A $300 million Budget boost for land transport is expected to pay for about 7km of road - roughly the cost of the proposed new stretch of motorway from Albany to Puhoi.
A leading roading lobby group yesterday criticised the announcement, saying it would do little to speed up the "glacial pace" of New Zealand's infrastructure development.
Stephen Selwood, chief executive of the Council for Infrastructure Development, said the money would not result in any major new projects being started or completed.
The increase will come in three $100 million instalments from next year.
Transport Minister Pete Hodgson said it would raise the amount in the National Land Transport Fund to more than $8.4 billion over the next four years.

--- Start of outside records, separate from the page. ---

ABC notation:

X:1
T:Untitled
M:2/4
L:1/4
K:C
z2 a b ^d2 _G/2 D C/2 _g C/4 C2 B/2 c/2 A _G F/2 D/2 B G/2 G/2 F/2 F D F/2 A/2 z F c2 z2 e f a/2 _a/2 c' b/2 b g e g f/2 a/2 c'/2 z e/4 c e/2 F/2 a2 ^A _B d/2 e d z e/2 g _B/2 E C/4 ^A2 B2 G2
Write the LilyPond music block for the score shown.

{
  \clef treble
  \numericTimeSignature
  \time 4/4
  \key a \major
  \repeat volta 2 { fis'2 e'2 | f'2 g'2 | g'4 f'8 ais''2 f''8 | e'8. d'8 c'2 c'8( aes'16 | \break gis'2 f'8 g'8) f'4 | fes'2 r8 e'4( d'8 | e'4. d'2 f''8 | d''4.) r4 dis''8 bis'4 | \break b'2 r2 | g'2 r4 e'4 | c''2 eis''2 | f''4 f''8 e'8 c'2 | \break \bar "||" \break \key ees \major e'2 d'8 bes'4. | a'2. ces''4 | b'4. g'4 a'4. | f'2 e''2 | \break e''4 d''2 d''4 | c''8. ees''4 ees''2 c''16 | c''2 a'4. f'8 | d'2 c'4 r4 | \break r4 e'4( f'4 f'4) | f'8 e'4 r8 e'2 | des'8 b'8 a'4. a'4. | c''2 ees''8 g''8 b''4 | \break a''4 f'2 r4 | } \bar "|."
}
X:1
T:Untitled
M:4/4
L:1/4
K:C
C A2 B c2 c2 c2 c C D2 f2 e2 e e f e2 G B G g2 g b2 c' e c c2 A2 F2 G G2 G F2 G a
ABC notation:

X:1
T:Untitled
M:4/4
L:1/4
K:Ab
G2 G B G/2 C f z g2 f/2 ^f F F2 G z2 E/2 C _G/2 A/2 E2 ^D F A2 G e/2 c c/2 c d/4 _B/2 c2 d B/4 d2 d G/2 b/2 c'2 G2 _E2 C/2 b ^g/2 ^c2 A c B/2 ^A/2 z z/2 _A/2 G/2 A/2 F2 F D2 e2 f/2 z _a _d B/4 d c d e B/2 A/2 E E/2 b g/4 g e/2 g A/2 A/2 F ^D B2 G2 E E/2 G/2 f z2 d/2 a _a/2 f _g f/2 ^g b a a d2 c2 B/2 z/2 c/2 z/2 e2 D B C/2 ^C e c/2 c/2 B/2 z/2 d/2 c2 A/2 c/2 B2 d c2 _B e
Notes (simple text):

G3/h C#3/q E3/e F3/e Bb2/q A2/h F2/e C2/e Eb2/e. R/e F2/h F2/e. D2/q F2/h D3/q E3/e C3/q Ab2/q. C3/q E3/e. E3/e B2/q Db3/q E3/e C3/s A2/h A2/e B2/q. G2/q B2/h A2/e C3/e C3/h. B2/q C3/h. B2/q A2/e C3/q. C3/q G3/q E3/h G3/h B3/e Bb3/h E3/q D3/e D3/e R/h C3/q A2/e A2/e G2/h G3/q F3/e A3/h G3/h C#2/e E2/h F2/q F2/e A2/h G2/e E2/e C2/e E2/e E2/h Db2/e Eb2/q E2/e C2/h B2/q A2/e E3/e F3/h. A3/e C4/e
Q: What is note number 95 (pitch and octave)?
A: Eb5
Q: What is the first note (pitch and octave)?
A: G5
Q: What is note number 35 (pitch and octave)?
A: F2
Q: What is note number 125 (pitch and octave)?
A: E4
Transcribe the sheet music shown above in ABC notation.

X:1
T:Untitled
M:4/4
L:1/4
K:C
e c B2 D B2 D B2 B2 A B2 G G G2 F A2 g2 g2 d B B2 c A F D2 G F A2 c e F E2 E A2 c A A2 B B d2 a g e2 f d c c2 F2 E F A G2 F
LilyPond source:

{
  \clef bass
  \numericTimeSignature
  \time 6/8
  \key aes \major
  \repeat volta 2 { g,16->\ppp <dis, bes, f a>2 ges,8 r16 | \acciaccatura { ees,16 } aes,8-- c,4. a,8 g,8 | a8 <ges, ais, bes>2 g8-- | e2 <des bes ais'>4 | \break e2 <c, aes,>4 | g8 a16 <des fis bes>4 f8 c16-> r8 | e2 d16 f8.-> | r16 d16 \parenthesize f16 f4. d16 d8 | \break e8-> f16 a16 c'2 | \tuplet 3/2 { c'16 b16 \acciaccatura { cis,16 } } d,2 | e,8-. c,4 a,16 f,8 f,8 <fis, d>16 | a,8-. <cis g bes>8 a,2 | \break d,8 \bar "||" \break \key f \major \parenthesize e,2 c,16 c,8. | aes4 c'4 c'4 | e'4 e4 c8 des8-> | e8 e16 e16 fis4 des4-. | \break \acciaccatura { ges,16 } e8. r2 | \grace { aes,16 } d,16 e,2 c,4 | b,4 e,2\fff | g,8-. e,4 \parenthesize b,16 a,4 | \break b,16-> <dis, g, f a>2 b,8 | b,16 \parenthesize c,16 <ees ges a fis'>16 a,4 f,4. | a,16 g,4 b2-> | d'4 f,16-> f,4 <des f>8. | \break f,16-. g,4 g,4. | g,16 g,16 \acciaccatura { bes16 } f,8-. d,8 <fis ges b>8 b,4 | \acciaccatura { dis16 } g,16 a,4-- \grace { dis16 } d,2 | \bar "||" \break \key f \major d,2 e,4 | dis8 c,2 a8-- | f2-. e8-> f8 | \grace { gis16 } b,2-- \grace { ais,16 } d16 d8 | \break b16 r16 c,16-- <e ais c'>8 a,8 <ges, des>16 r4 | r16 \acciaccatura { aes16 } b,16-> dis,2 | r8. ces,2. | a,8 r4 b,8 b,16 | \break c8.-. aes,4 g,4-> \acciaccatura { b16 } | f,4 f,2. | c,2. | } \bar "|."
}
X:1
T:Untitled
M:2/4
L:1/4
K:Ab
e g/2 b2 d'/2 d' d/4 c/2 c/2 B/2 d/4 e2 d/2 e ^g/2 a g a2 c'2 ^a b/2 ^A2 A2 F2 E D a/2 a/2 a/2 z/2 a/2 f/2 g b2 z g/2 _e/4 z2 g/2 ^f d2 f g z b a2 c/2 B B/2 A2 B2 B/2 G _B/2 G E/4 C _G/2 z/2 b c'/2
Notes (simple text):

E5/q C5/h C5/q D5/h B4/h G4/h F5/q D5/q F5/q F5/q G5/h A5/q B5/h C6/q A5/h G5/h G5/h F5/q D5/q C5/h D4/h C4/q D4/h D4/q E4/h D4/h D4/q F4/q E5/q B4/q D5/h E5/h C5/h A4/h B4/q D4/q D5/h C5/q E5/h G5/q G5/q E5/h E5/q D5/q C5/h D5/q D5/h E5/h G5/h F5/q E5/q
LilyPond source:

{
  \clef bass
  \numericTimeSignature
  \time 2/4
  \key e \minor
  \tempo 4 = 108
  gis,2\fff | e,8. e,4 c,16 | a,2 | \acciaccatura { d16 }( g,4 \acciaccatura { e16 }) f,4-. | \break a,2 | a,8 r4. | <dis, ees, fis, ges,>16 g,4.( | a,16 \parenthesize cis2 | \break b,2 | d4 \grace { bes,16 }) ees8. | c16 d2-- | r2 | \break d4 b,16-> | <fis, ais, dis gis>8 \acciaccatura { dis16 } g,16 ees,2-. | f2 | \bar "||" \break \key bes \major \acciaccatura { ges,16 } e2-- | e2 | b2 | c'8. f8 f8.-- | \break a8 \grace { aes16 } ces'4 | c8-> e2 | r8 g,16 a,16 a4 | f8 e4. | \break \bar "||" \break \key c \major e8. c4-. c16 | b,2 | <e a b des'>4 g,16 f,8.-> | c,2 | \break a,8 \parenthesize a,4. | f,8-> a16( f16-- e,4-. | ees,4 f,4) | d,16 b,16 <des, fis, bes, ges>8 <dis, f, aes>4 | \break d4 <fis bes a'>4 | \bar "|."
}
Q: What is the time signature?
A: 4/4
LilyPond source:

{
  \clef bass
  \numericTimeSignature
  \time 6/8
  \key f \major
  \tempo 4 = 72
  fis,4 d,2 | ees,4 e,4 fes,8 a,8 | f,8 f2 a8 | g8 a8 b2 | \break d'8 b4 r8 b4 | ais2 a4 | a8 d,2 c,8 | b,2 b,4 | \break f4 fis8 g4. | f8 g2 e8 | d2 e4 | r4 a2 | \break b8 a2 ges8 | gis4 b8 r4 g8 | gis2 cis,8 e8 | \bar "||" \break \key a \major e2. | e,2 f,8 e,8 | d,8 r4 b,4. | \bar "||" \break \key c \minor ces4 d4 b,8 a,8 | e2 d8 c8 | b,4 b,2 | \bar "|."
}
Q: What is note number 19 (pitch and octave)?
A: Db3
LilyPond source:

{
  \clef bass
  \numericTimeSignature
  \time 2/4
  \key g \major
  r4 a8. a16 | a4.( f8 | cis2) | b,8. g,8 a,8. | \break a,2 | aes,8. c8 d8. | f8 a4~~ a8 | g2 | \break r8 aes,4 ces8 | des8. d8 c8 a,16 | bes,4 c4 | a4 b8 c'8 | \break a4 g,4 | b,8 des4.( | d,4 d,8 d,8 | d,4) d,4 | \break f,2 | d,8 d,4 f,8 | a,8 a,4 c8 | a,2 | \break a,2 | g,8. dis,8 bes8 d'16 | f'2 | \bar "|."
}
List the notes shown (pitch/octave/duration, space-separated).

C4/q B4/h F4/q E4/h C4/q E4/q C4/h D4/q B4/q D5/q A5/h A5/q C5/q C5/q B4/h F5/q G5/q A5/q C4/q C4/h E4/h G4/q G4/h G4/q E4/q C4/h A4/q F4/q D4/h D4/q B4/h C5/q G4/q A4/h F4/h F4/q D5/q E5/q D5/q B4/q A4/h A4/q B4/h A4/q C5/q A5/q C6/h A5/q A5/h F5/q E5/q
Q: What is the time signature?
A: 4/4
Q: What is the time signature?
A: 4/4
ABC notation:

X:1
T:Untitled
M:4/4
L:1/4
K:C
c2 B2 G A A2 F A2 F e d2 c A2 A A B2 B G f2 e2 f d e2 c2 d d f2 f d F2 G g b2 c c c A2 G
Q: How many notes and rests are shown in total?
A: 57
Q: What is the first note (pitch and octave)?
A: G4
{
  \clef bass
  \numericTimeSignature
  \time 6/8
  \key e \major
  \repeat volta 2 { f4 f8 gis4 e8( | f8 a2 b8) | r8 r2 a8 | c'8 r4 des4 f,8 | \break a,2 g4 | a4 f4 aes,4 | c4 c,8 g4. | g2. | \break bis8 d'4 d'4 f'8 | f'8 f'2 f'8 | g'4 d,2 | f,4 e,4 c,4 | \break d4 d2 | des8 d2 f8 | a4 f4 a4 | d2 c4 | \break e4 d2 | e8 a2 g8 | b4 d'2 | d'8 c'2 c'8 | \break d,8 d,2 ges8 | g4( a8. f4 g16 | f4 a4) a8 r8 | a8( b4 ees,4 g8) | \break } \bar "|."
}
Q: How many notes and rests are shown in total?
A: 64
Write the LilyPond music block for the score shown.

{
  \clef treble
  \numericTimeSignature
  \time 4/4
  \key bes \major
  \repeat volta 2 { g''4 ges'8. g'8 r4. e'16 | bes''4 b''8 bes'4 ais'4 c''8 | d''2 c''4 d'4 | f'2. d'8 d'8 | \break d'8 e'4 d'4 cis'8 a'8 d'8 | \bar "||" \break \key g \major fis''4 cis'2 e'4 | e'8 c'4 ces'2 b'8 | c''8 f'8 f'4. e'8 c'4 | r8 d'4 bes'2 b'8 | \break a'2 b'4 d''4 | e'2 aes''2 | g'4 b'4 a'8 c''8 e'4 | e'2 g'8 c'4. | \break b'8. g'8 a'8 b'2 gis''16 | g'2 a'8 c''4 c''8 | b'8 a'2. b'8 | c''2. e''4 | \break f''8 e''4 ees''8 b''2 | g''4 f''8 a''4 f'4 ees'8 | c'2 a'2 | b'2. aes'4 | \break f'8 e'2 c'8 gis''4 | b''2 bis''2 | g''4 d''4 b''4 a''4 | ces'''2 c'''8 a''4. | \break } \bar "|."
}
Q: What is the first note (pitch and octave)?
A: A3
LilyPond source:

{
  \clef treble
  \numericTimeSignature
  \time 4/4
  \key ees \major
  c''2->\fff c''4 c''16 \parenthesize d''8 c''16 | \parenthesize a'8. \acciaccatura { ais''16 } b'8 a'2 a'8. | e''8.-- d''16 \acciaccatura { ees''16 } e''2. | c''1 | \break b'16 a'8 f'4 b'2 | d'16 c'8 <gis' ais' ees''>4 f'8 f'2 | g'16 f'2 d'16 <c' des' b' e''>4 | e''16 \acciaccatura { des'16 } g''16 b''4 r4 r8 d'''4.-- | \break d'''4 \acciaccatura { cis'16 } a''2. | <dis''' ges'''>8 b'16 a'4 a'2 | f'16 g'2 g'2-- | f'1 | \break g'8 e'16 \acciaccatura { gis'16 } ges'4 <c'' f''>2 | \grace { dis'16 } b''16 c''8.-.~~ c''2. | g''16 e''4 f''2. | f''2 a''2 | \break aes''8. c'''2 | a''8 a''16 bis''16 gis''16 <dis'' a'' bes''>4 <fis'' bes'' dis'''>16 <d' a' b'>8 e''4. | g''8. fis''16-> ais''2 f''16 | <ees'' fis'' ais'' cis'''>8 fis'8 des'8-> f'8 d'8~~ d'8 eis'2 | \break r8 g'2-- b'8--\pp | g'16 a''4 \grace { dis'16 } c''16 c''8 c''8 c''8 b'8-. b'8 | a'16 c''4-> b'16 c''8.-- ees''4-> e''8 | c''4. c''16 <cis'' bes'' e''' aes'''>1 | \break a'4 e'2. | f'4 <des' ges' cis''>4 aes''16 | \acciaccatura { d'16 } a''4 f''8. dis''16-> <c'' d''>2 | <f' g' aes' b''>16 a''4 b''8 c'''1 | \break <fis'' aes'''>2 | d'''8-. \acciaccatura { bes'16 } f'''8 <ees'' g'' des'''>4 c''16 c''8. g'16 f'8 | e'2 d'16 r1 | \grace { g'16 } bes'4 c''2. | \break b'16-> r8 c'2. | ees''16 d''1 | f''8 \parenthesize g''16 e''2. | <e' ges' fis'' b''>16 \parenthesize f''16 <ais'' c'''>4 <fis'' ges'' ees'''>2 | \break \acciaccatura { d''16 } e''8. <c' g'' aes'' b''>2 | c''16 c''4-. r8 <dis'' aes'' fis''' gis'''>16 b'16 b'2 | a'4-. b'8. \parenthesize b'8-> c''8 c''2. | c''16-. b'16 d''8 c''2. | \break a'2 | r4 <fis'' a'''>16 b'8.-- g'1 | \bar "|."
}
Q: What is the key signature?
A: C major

The strength of the economy meant the increases could be made without taking money away from other areas.
"This Government is building up the nation's vital infrastructure and wiping out a legacy of neglect," Mr Hodgson said.
But Mr Selwood said the money would only enable treading water.
Before the Budget announcements, increased costs had put in jeopardy a number of projects due to start before 2008, he said.
These included safety improvements and passing lanes at the State Highway 2 blackspot at Mangatawhiri, and the extra cash would mean these could go ahead.
"But major new roads like Auckland's Western Ring route, the Waikato Expressway, and an additional Auckland harbour crossing still remain well beyond the 10-year horizon and public transport initiatives will still be constrained by lack of funding," Mr Selwood said.
Exactly where the money will go, and how it will be prioritised, will not be known until the National Transport Plan is released in July.
Mr Hodgson said Government spending on transport was now 50 per cent more than it was in 1999.
But Mr Selwood said New Zealand's investment moved at a glacial pace compared with other countries.
Sydney's $2 billion M7 Westlink project and Melbourne's $4 billion Connect East project were being delivered through public-private partnerships within five years, from start to finish.
"Public-private partnerships empower the industry to get on with things and take responsibility if it does not, and that's what almost every major country does," Mr Selwood said.
New Zealand needed that kind of "paradigm shift" to secure its social and economic development.
His group had hoped for a clear signal of the Government's commitment to long-term capital investment to address the country's inadequate infrastructure, but this had not happened.